A ce stade vous vous demandez évidemment de quoi parle ce livre qui divisa et divisera encore longtemps (enfin... vous vous le demandez surtout si vous ne lisez pas les blogs littés, hein - ce en quoi d'ailleurs vous avez tort...). Eh bien il raconte l'histoire de Vincent, a priori le pur connard de l'ère sarkozyste à qui tout a réussi et un peu plus encore. Le pognon et les femmes, la vie radieuse de ceux pour qui le vernis social s'est substitué depuis longtemps au moi le plus profond. Durant une bonne moitié du livre il est à baffer - je ne suis que le soixantième à le dire. C'est terriblement choquant on en conviendra, un héros à baffer (le plus célèbre héros de la littérature française, Rastignac, étant c'est bien connu le mec le plus cool et positif de l'univers). Le lecteur optimiste se dira un court instant que lorsque sa femme se tire une semaine chez sa mère et lui conseille de faire de même chez la sienne, le bol d'air lui sera bénéfique. Soit, mais ça c'est parce que le lecteur optimiste n'a a priori pas de mère : en trois jours chez la sienne François Weyergans est ressorti neurasthénique (et a livré la quintechiance de son œuvre par la même occasion). On pouvait donc raisonnablement penser qu'en sept jours chez la sienne Vincent allait lentement mais sûrement laisser libre cours aux pulsions meurtrières ancrées en chacun de nous.

Bon... que tout le monde se rassure : le roman ne bascule pas dès lors vers une sinistre histoire de serial-killer. En revanche l'antihéros va se heurter au douloureux passé qu'il essayait jusqu'alors de fuir, se prendre quelques jolies humiliations au passage et...
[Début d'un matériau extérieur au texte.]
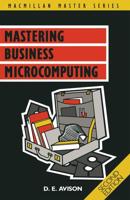 Mastering Business Microcomputing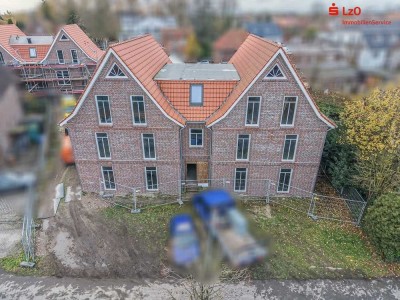 Wohnen im Herzen des Residenzortes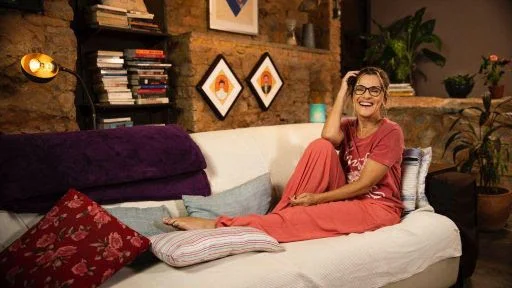 Ingrid Guimarães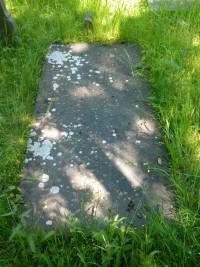 Kaisers grave nr 400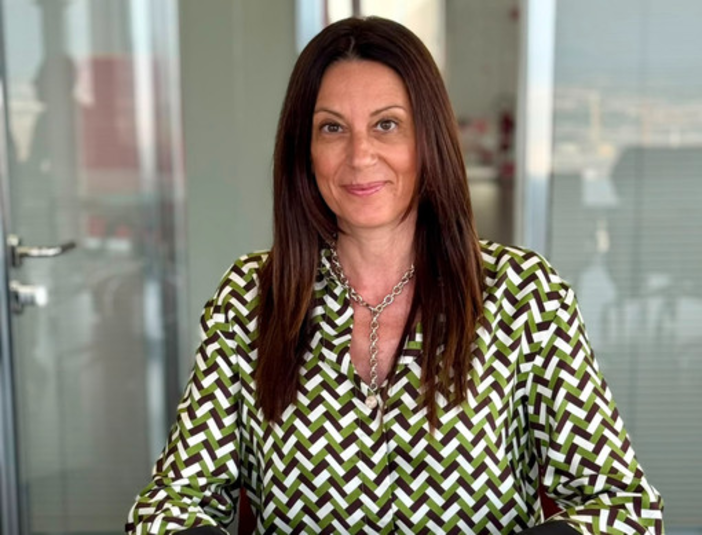 L’assessore alla Formazione professionale, Daniela Cameroni. L’assessore alla Formazione professionale, Daniela Cameroni.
(je ne vais quand même pas tout vous raconter)

This Is Not a Love Song est un livre étrange. Parce que surprenant sans être réellement différent. Parce que passée la surprise de premières pages prenant le blondelophile à rebrousse-poil on retrouve (et c'est heureux) l'auteur qu'on connaît, mais qu'il est ici beaucoup plus grinçant qu'à l'accoutumée - dévoilant une veine satirique qu'on ne lui soupçonnait pas. Parce que son récit est implacable et, au final, sans véritable issue. J'avais intitulé ma chronique de Passage du gué "Loyalty Song". Pour celui-ci, si j'avais dû choisir un morceau de Babyshambles, j'aurais assurément voté pour "Fuck Forever". Car si ce nouveau roman est tout aussi désarmant d'humanité que les précédents, il attaque cette dernière par un versant beaucoup plus ardu et beaucoup moins compassionnel. Surtout, contrairement à ce à quoi je m'attendais avant de le lire, il ne déjoue pas réellement les attentions du lecteur : il ne déjoue que celles des blondelomaniaques (dont on rappellera qu'ils représentent environ 0,06 % de l'humanité). Et un auteur, qu'il s'appelle Blondel, Zola ou Marc Levy, n'écrit pas pour son public (sans quoi on nomme ça un promoteur). En ce sens, il serait vraiment intéressant de voir comment un lecteur n'ayant jamais entendu parler de Blondel recevrait ce bouquin. Ce qui n'est évidemment pas le cas d'une grosse majorité des blogueurs... à commencer par votre serviteur. Papillon a écrit une critique (au demeurant fort juste) de ce roman sans nommer un seul des autres livres de Blondel et sans même vraiment y faire d'allusion directe. Il est possible qu'un ou deux autres m'ait échappé, mais dans leur écrasante majorité les commentaires, positifs ou négatifs, faisaient quasi tous référence au reste de l'œuvre (et vous notererez évidemment que ce disant je n'échappe à la règle). Sans doute ne peut-on faire abstraction de ce qu'on sait déjà que jusqu'à une certaine limite, sans doute est-ce impossible - pour moi comme pour n'importe qui ayant chéri Passage du gué. Et pourtant ! Ma lecture terminée, j'ai eu l'intime conviction que la critique du lecteur lambda serait à des années lumières de toutes les notres.
Allez : essayons une seconde.

Qu'est-ce que This Is Not a Love Song ? Un roman remarquable de maîtrise, de puissance, de subtilité. Qui pose la question la plus délicate qui soit : qui sommes-nous ? Quelle est la part de nous-mêmes que nous livrons à l'autre ? Sommes-nous la personne que nous croyons être, celle que l'autre voit, celle que nous voulons être ? Où s'achève l'essence et où commence la pose, la représentation ? Peut-on jamais couper avec son passé ? Peut-on se dissocier d'une partie de son histoire, afin de mieux vivre une autre partie ? On dépasse le cadre de l'interrogation individuelle pour s'approcher de questionnements plus sociétaux. L'auteur ne s'attaque-t-il pas ici, en mode satirique majeur, au mythe du Nouveau Départ, qu'on nous vend à longueur d'émissions télé, de success-story à deux balles ou de reportages racoleurs ? A moins qu'on ne s'y trompe. Que tout ceci ne soit qu'une vaste blague ?...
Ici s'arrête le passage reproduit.